Studi analisis pendapat Imam Syafi’i tentang anak menjadi wali nikah ibunya
Main Author: | Adib, Ahmad |
---|---|
Format: | Thesis NonPeerReviewed Book |
Bahasa: | eng |
Terbitan: |
, 2008
|
Subjects: | |
Online Access: |
https://eprints.walisongo.ac.id/id/eprint/11702/1/2102039_AHMAD_ADIB.pdf https://eprints.walisongo.ac.id/id/eprint/11702/ |
Daftar Isi:
- Wali merupan salah satu rukun yang harus di penuhi dalam perkawinan.karena tanpa wali maka nikahnya tidak sah.

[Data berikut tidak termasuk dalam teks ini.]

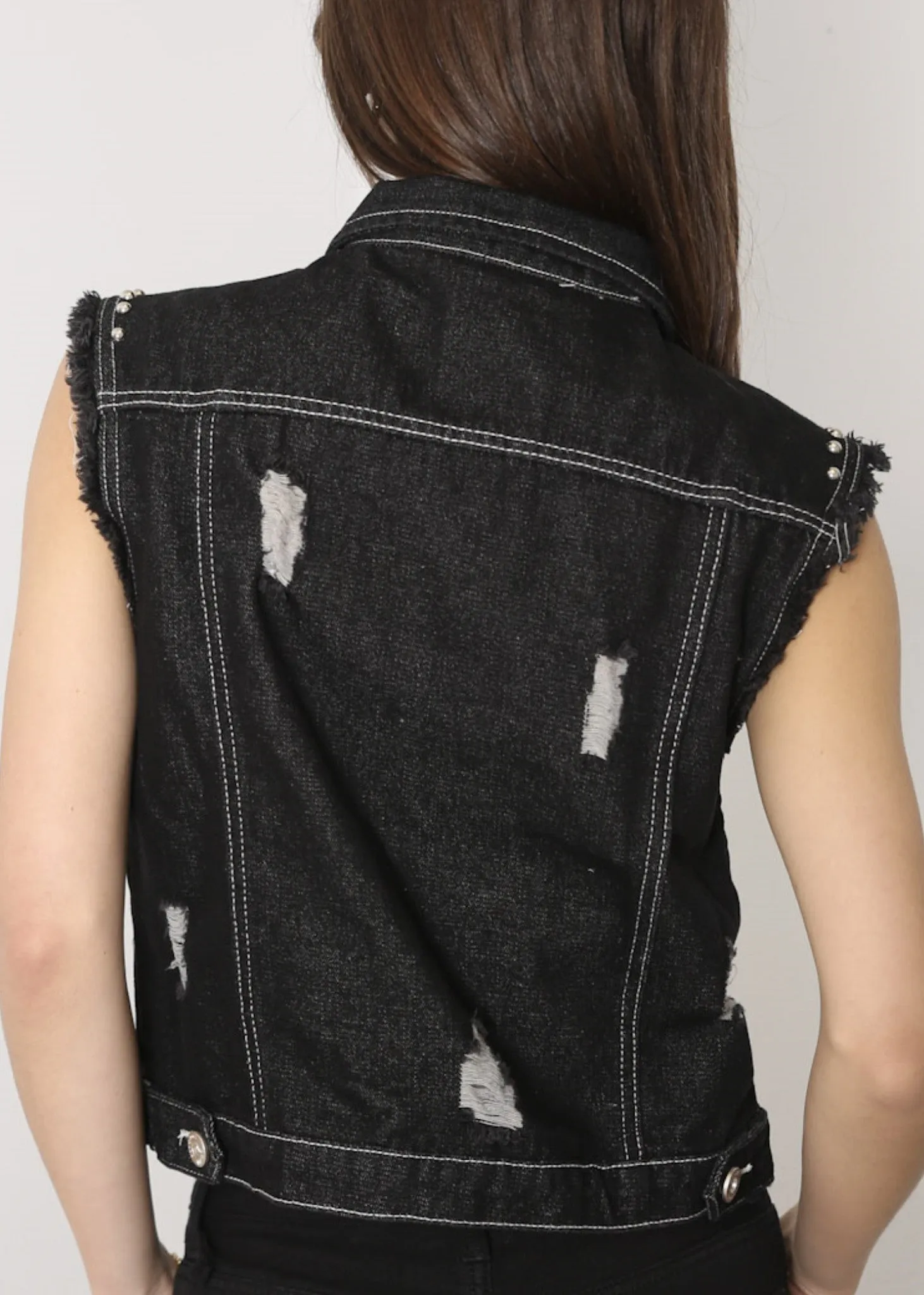 Sleeveless Distressed Denim Jean Jacket Vest sold by Anna-Kaci product image thumbnail 2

Wali itu rukun untuk seorang gadis untuk janda tidak. Wali itu terdiri dari tiga golongan yaitu kali al Qorobah, wali hakim dan wali muhakkam. Hadis Rasulullah tidak menyaratkan wali bagi janda akan tetapi menurut Sayid Sabik untuk kemurahannya seyogyanya seorang janda menunjuk seorang untuk menjadi walinya Hal yang menimbulkan permasalahan adalah bilamana terjadi pernikahan seorang janda menggunakan wali, jika menggunakan wali lalu siapa yang berhak menjadi walinya apakah anak termasuk wali bagi ibunya atau tidak. Imam Syafi’i menyatakan bahwa tidak ada hak perwalian bagi seorang anak terhadap ibunya karena imam Syafi’i menganggap wali itu berdasarkan ashobah dalam kewarisan sedangkan imam Syafi’i tidak memasukan anak menjadi ashobah terhadap ibunya jika dia sendirian. Itu menimbulkan permasalahan karena imam Malik, menyatakan bahwa anak itu mempunyai hak ashobah terhadap ibunya dan bisa menjadi wali bagi ibunya. Adapun permasalahan yang dibahas dalam skripsi ini meliputi, pertama, bagaimana pendapat Imam Syafi’i tentang seorang anak menjadi wali nikah terhadap ibunya?, dan kedua, bagaimana metode istimbath hukum yang digunakan oleh Imam Syafi’i?. Skripsi ini merupakan jenis penelitian kepustakaan (library research) dengan menggunakan bahan-bahan tertulis, seperti: buku, kitab, artikel dan lain-lain. Sumber data penelitian ini terdiri dari data primer dan sekunder. Data primer adalah data yang berasal dari kitab “al-Umm” karya Imam Syafi’i. Sedangkan data sekunder merupakan sumber data yang mendukung dan melengkapi sumber-sumber data primer. Analisis yang digunakan dalam penelitian ini adalah metode analisis deskriptif. Imam Syafi’i berpendapat seperti diatas karena menggangap bahwa hak kewarisan itu datangnya dari jalur ayah bukan jalur ibu maka dia pun tidak mempunyai hak untuk menjadi wali untuk menikahkan ibunya. Penulis kurang sepakat dengan pendapat imam Syafi’i karena imam Syafi’i menggangap bahwa anak itu tidak ada hubungan ashobah dengan ibunya padahal dalam ilmu waris yang berhak mendapatkan ashobah yaitu anak, imam Syafi’i menggunakan ilmu waris dalam menentukan urutan wali. Istimbat yang di gunakan beliau masih lemah sedangkan istinbat yang digunakan imam yang lain ini (Malik, Abu Hanifah) bersumber dari hadits Rasulullah dari Umu Salamah.